AIM OF THE TASK: The following data needs to be repeated exactly, with all images excluded.

SOURCE DATA:
= = =

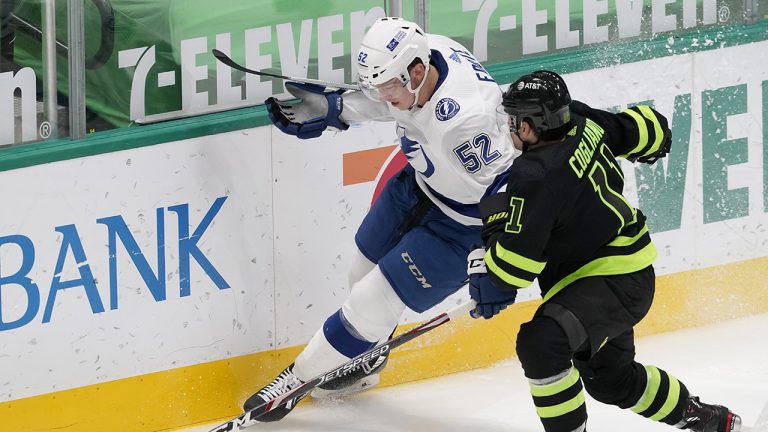 Tampa Bay Lightning defenseman Cal Foote (52) and Dallas Stars center Andrew Cogliano (11) compete for control of the puck during the second period of an NHL hockey game. (Tony Gutierrez/AP)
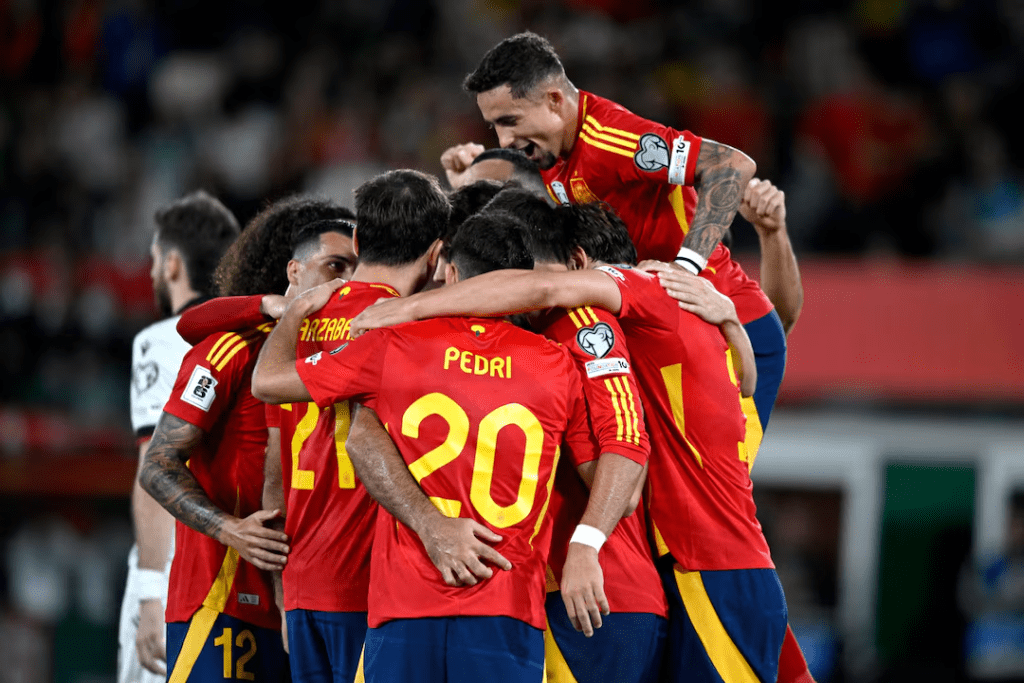 Pedri (20) and the rest of Spain's men's football team gather in a huddle in file photo.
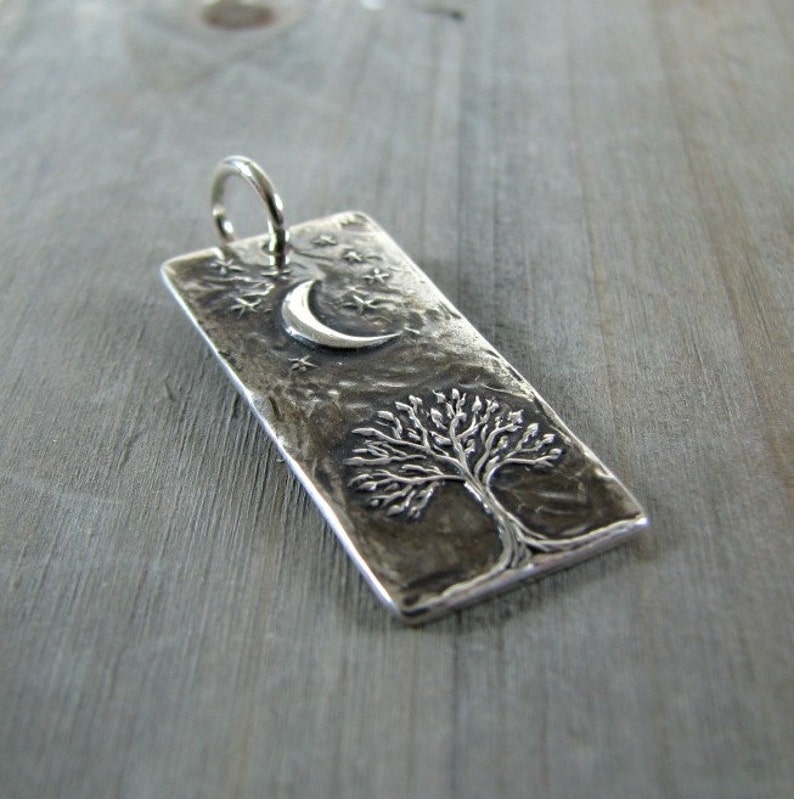 Puede incluir: Un colgante de plata con una superficie texturizada que presenta un &aacute;rbol y una luna creciente con estrellas.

= = =

ANSWER TO THIS PROBLEM:
 Tampa Bay Lightning defenseman Cal Foote (52) and Dallas Stars center Andrew Cogliano (11) compete for control of the puck during the second period of an NHL hockey game. (Tony Gutierrez/AP)
 Pedri (20) and the rest of Spain's men's football team gather in a huddle in file photo.
 Puede incluir: Un colgante de plata con una superficie texturizada que presenta un &aacute;rbol y una luna creciente con estrellas.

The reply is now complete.